On direct drive vane axial fans, brake horsepower can usually be increased into the motor service factor. Airflow
over the motor creates a cooling effect and operation into the service factor, typically a factor of 1.15, is allowed.
For example, with adequate cooling a 10 hp motor is capable of delivering 11.5 Bhp with no reduction in service
life. However, a note of caution here – electrical supply wiring, circuit protection and switches must be capable
of handling the increased electrical load.
If a fan RPM increase is required, refer to the appropriate performance chart and select brake horsepower
required at the new operating point. After the speed change is made, always check motor load amperage and
compare it to the motor nameplate rating.
Vane Axial Efficiency
One reason for specifying a vane axial fan is its efficient operation. The straight-through airflow, minimal
discharge vortex and static regain available from a vane axial fan make it a very desirable air moving device.
Total efficiencies from 70 to 80 percent are not uncommon for fans with a good operating point.
However, oversights in the selection process can have a detrimental affect on fan efficiency. First, fan size has
an affect on efficiency. Selecting too small a fan will increase air velocity and create excessive pressure losses.

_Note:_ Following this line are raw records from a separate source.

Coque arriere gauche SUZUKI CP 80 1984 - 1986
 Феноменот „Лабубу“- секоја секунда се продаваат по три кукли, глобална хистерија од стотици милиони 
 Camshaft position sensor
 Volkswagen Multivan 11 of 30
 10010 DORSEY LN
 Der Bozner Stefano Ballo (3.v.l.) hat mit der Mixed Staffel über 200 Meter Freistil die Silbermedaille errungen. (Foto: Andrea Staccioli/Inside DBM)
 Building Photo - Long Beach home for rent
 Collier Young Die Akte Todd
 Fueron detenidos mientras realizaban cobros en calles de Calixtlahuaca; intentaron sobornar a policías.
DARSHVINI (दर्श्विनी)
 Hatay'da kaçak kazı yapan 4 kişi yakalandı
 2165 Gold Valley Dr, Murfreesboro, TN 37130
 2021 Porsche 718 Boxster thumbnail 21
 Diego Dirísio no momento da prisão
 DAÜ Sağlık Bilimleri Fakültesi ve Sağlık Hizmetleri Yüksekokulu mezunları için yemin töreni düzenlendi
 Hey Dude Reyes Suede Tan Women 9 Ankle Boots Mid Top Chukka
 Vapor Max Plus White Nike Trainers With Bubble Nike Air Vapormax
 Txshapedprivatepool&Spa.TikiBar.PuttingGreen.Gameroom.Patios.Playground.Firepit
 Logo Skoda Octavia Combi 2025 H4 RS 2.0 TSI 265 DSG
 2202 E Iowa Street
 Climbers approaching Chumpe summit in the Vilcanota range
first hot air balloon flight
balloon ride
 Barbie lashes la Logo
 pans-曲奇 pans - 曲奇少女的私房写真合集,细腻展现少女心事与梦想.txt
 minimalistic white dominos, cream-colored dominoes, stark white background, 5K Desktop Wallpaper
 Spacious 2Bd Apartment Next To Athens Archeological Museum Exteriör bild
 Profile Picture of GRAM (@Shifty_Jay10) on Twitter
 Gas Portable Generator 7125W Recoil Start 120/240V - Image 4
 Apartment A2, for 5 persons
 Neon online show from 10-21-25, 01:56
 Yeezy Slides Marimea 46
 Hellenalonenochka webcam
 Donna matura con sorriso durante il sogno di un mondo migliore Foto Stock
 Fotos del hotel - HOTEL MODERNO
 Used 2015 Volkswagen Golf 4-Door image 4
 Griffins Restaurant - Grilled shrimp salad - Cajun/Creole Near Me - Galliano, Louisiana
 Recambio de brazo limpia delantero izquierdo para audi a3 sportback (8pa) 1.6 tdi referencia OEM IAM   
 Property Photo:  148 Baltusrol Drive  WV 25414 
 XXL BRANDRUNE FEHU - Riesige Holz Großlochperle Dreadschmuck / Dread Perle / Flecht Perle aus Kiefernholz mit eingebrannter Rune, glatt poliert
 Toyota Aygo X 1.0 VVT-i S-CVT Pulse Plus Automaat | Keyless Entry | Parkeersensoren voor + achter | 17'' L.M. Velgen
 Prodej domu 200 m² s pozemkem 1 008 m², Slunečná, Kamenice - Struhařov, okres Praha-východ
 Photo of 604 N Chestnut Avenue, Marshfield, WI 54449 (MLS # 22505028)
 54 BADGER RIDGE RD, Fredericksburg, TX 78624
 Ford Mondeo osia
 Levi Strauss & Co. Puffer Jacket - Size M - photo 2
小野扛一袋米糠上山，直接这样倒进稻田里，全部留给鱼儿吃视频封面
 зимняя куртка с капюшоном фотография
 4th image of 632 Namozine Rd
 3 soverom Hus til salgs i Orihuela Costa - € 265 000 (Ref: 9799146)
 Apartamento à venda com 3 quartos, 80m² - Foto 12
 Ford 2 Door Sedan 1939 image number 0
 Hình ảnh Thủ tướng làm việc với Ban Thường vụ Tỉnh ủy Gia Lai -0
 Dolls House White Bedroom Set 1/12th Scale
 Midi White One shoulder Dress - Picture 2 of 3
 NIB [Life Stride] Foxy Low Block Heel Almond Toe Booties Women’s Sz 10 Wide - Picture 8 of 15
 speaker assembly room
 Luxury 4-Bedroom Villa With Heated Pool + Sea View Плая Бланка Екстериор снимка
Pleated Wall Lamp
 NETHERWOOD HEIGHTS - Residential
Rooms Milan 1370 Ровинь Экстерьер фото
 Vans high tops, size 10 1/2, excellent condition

To overcome these losses a larger motor is necessary. Here we have two detrimental effects: high pressure
losses and inefficient unit size. Secondly, choosing the wrong hub-to-tip ratio will reduce efficiency. For relatively
large air volumes at low total pressures, try to select a small hub in relation to the fin tip diameter. Smaller hubs
mean longer rotor blades, which will move a greater volume of air at relatively low fan speeds. For performance
requirements with relatively low volumes at high total pressures, try to select a large hub with relation to the fin
tip diameter. A large hub with short rotor blades, turning at high fan RPM, will generate the high total pressures
required.
VANE AXIAL FANS IN VARIABLE AIR VOLUME SYSTEMS
Variable air volume (VAV) systems are quite common in the HVAC industry. Ventilation, heating and cooling
demands in a building will vary significantly in 24 hours because of occupancy and outside air temperature. It
makes economical sense to reduce the ventilation, heating or cooling at night when the building is not occupied.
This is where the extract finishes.